Chambersburg Crossing plans outlined

July 12, 2005|by DON AINES

A land development plan for a 46-acre retail development that would include a Target department store will be on the consent agenda for the July 25 meeting of the Chambersburg Borough Council.

In June, Kimco Realty Corp. of Lutherville, Md., unveiled plans for the Chambersburg Crossing development at the intersection of Walker Road and the Norland Avenue extension. Geoffrey Glazer, Kimco's vice president for acquisition and development, said at that council meeting that Target had signed a letter of intent to build on the site.

At Monday night's council meeting, Phil Wolgemuth, the borough's planning director, described in greater detail plans for the shopping center. Also on the consent agenda for the July 25 meeting are subdivision plans for the property, which will be divided into eight lots for a variety of retail and restaurant uses.


Total square footage for the shopping center will be 421,317, with the proposed Target site occupying 127,276 square feet at the western end of the development. There also will be a 73,217-square-foot grocery store with a gas kiosk, according to the plan.

Other parts of the property are to be developed into five restaurants, seven other retail stores and a bank, according to the plans. The plans call for 2,057 parking spaces.

Landscaped islands within the parking areas and a 5-foot-wide vegetative buffer surrounding the entire property also are in the plan, Wolgemuth said. Along the northern property line, which borders an area of Greene Township zoned for residential use, that buffer will also be 10 feet tall and probably made up of cypress trees, Wolgemuth said.

The Chambersburg Crossing plans exceeds landscaping requirements of the borough, which are limited to buffer zones between differently zoned properties, he said.

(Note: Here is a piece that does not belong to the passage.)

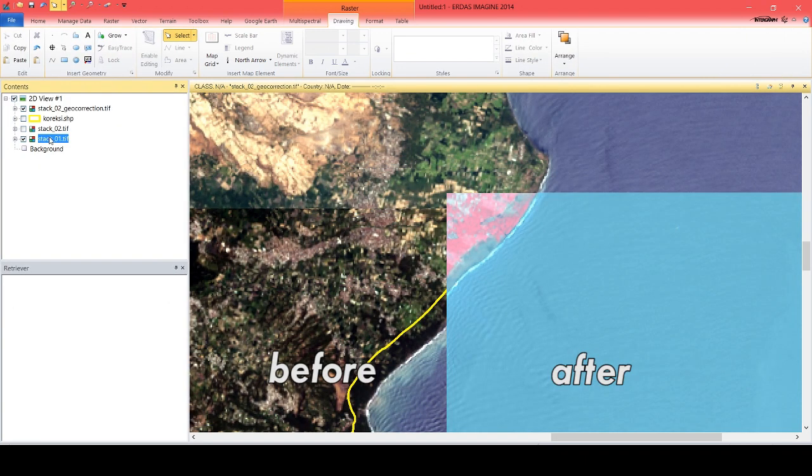As you can see, the stacked scene 2 image has now been geo-referenced.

"Sewer will be an issue and that has to be addressed," Wolgemuth said.

Sewer service for the shopping center and future development in that part of the borough and into Guilford Township will depend on upgrading the Falling Spring interceptor, he said.

"They can begin construction with preliminary approval," Borough Manager Eric Oyer said.

Development projects that feed into the Falling Spring interceptor line cannot be occupied, however, until the line is improved.

Bids to enlarge the interceptor line to 24 inches are due by Aug. 31, Oyer said. If contracts are awarded in September, he said the project will take six to nine months to complete.

That schedule is unlikely to affect plans for the opening of Chambersburg Crossing. Glazer said in June that the shopping center should be ready to open in the spring of 2007.

Other projects inside and outside the borough that feed into the Falling Spring interceptor also can proceed, but cannot be occupied until that project is completed, Oyer said. Much of that development will take place in Guilford Township, which he said will pay 80 percent of the cost of replacing the line under terms of an agreement between the two municipalities, he said.